Required work: Begin with the line below holding "flamingMem4d8's tweet photo." and go on through the line holding "Follow &amp; 📩", duplicating each line exactly and leaving out pictures.

Task data: Begin

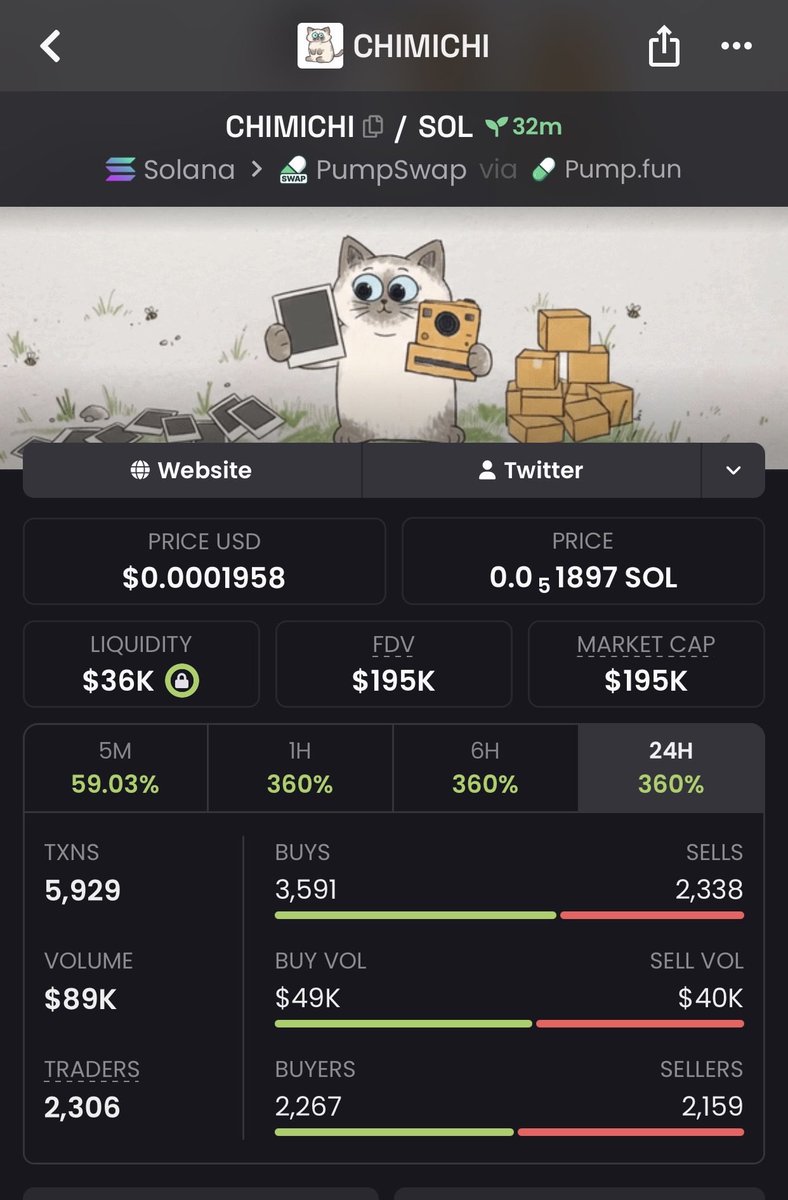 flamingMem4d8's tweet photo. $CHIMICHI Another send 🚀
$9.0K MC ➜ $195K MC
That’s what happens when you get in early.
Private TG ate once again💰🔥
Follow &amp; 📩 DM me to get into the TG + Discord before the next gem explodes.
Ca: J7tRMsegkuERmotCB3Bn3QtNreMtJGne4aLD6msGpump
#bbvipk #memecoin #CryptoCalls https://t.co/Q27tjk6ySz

Task data: End
Task data: Begin

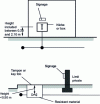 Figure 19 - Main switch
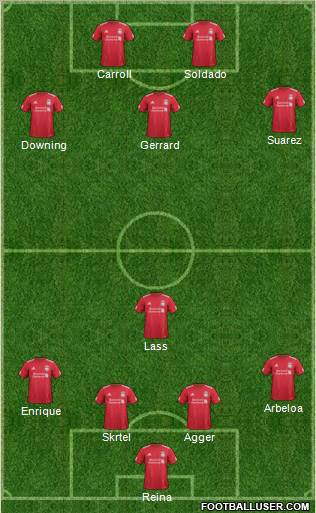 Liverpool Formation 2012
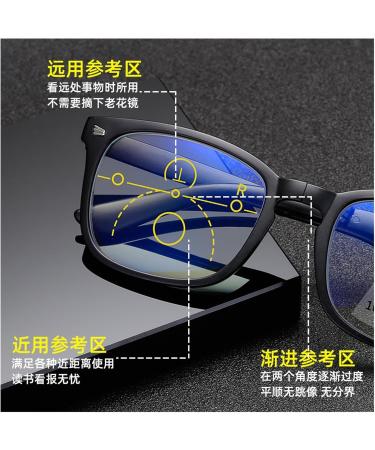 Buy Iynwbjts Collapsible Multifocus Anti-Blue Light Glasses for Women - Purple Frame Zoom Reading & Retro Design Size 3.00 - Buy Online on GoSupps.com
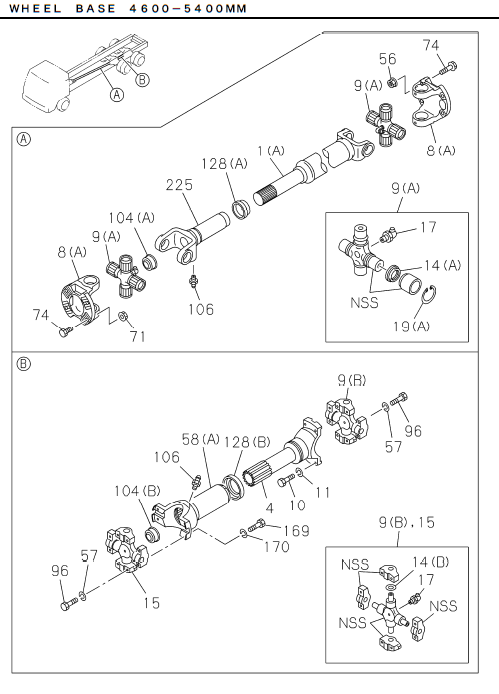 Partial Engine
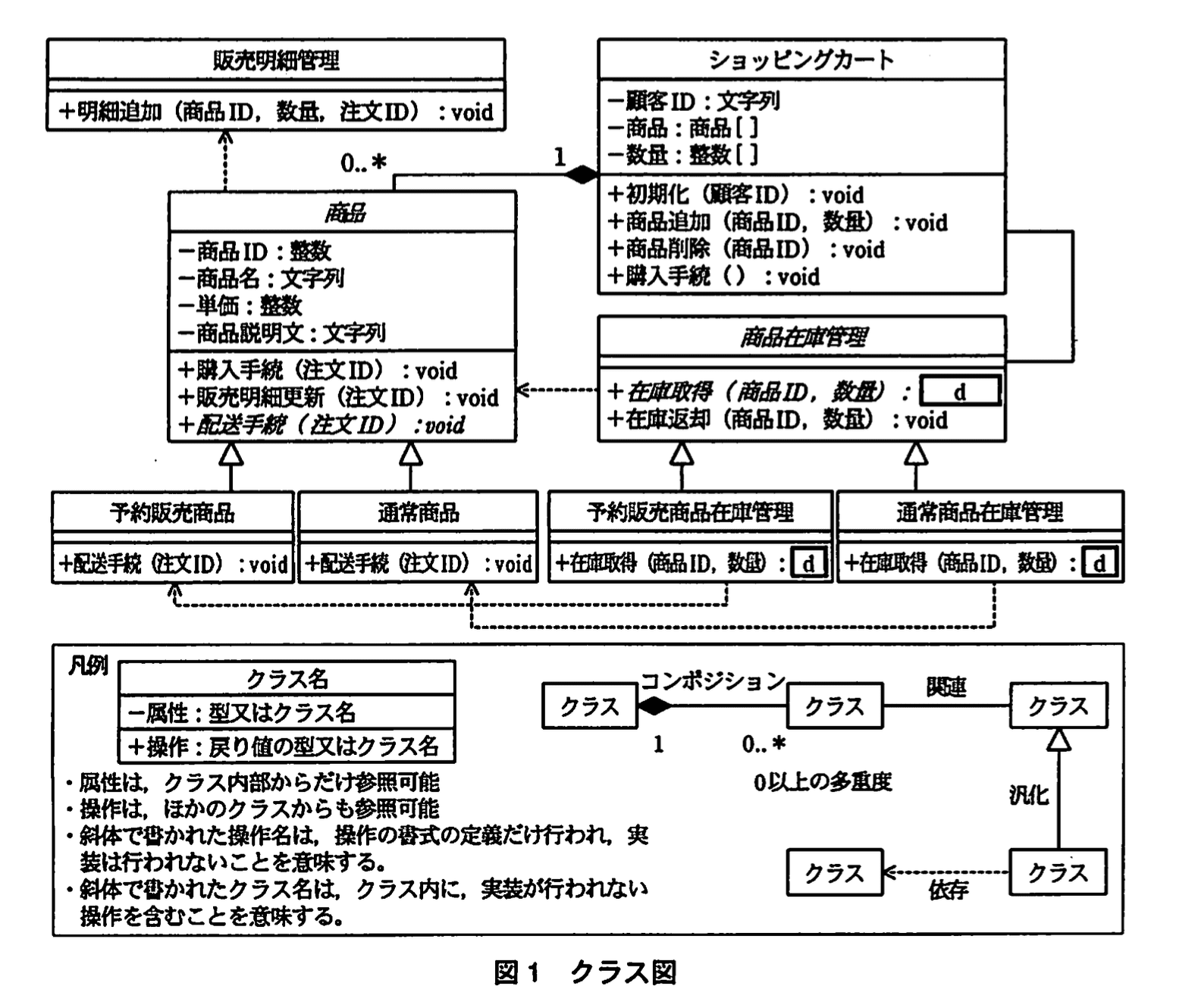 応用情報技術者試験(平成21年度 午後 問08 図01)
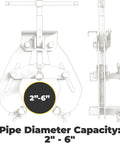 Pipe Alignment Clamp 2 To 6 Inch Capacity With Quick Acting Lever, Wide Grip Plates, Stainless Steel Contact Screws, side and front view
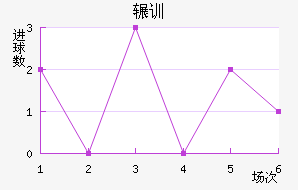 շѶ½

Task data: End
Task data: Begin

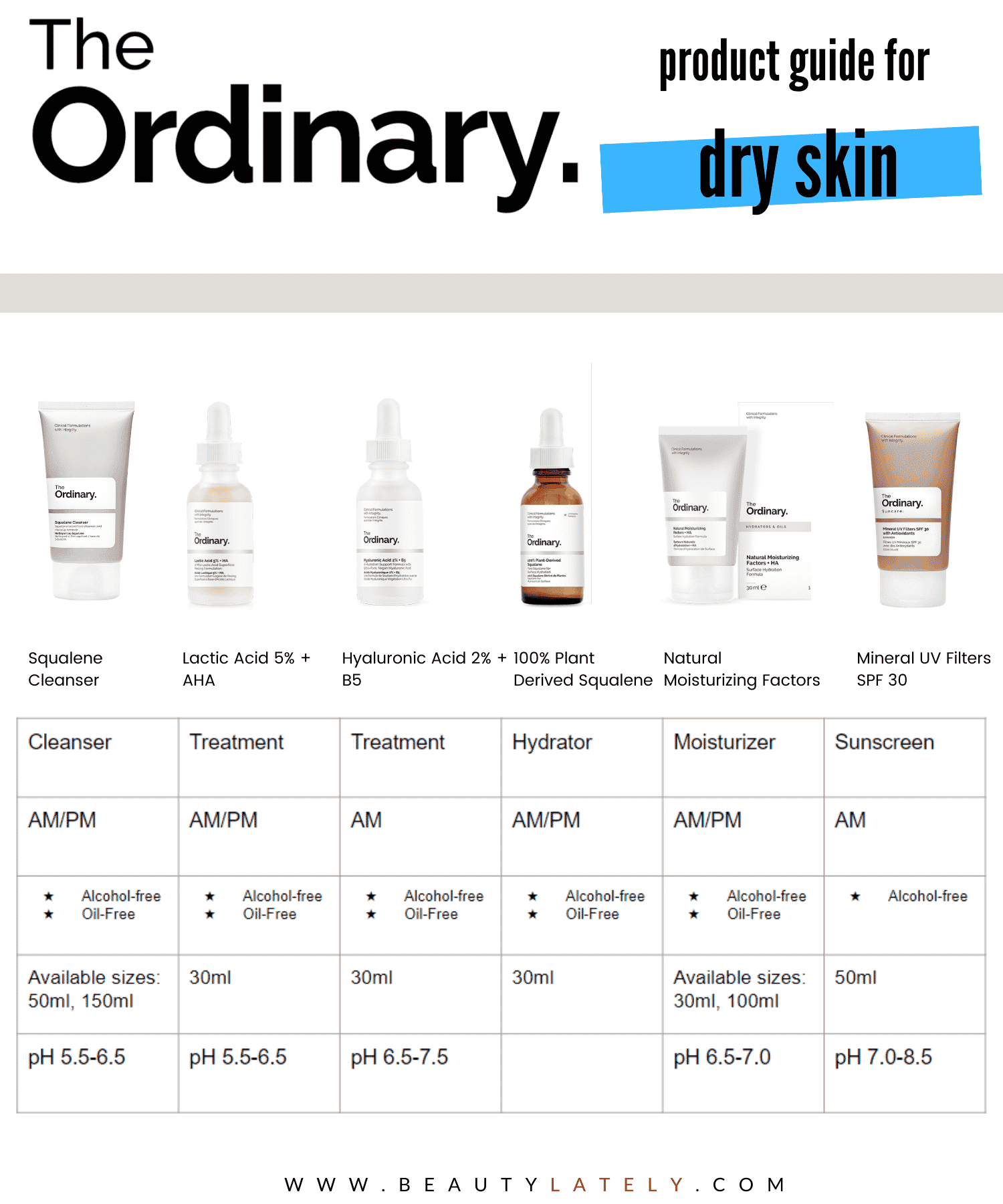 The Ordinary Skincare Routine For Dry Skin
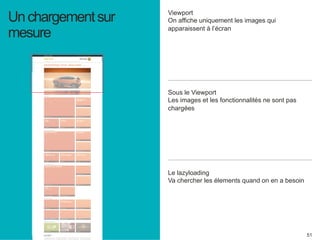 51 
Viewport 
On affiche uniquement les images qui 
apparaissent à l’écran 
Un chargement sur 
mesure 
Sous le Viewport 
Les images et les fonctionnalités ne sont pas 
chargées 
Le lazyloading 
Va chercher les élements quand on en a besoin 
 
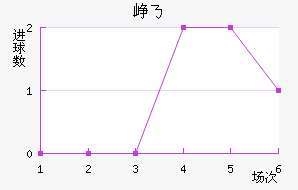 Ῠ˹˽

Task data: End

Written solution:
 flamingMem4d8's tweet photo. $CHIMICHI Another send 🚀
$9.0K MC ➜ $195K MC
That’s what happens when you get in early.
Private TG ate once again💰🔥
Follow &amp; 📩 DM me to get into the TG + Discord before the next gem explodes.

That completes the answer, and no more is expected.